NEW DELHI: L'opposition indienne a accusé jeudi le Premier ministre Narendra Modi de tenir des propos stigmatisant les musulmans et alimentant, en plein processus électoral, les tensions sectaires dans la plus grande démocratie du monde, constitutionnellement laïque.

M. Modi déploie "son jeu habituel consistant à diviser les hindous et les musulmans", a déclaré jeudi P. Chidambaram, ancien ministre des Finances et membre influent du Congrès, principal parti d'opposition,

"Le monde observe et analyse les déclarations du Premier ministre indien, qui ne sont pas à la gloire de l'Inde", a-t-il ajouté.

M. Modi a offert au parti nationaliste hindou Bharatiya Janata (BJP) deux victoires écrasantes en 2014 et 2019 en jouant sur la fibre religieuse de l'électorat hindou.

Agé de 73 ans et encore très populaire dans l'ensemble du pays, le Premier ministre brigue un troisième mandat à la tête du pays.

Les analystes politiques l'ont donné vainqueur avant même les élections générales qui ont débuté le 19 avril et se déroulent en sept phases jusqu'au 1er juin.

M. Modi a présenté mardi sa candidature au siège de député de Varanasi (Bénarès), cité sacrée de l'hindouisme, dans l'Etat de l'Uttar Pradesh (nord), qu'il occupe depuis une décennie.

L'opposition et les défenseurs des droits accusent M. Modi de favoriser les hindous, majoritaires dans le pays, au détriment d'importantes minorités, dont 210 millions d'Indiens musulmans, inquiètes pour leur avenir.

M. Modi a récemment suscité l'indignation dans les rangs de l'opposition en accusant le Congrès de vouloir distribuer la "richesse nationale" aux "infiltrés", "à ceux qui ont le plus d'enfants", désignant ainsi la communauté musulmane.

L'opposition a saisi les autorités électorales qui n'ont pas sanctionné le Premier ministre.
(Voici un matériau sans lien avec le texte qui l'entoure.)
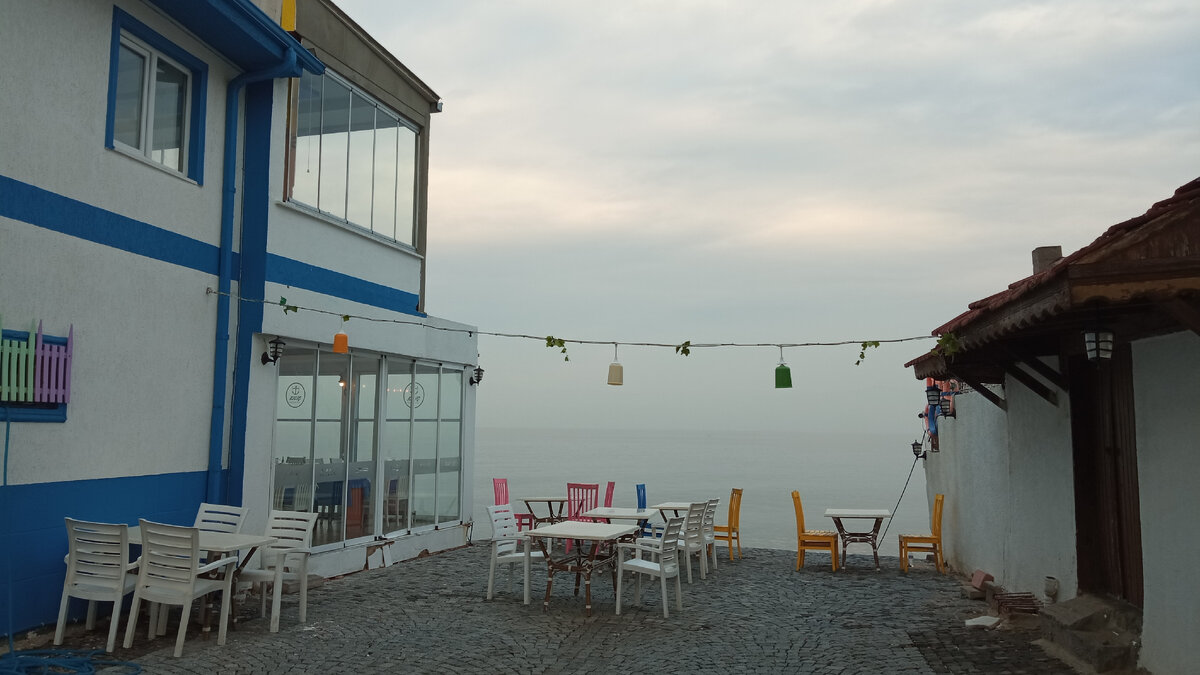 Примерно вот такое хмурое у меня после этого настроение.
L'Inde est constitutionnellement laïque et son code électoral interdit toute campagne fondée sur des "sentiments communautaires".

Dans un entretien mardi sur la chaîne d'information continue News18, le chef du gouvernement s'est défendu d'alimenter et d'exploiter tout clivage entre hindous et musulmans.

Discrimination 

"Le jour où je commencerai à parler des hindous-musulmans sera celui où je perdrai ma capacité à mener une vie publique", a-t-il affirmé en hindi.

Le lendemain, en plein rassemblement électoral, Narendra Modi accusait le Congrès d'orchestrer un "jihad par le vote" pour que les musulmans se prononcent contre lui.

Au début de la semaine, Madhavi Latha, actrice et candidate du BJP à Hyderabad (sud), s'est autorisée, dans un bureau de vote, à vérifier que la carte électorale de musulmanes correspondait à leur identité, exigeant qu'elles ôtent leur voile.

La police de la ville a ouvert une enquête sur l'incident.

Au total, 968 millions d'Indiens sont appelés à élire les 543 membres de la chambre basse, soit plus que la population totale des Etats-Unis, de l'Union européenne et de la Russie réunis.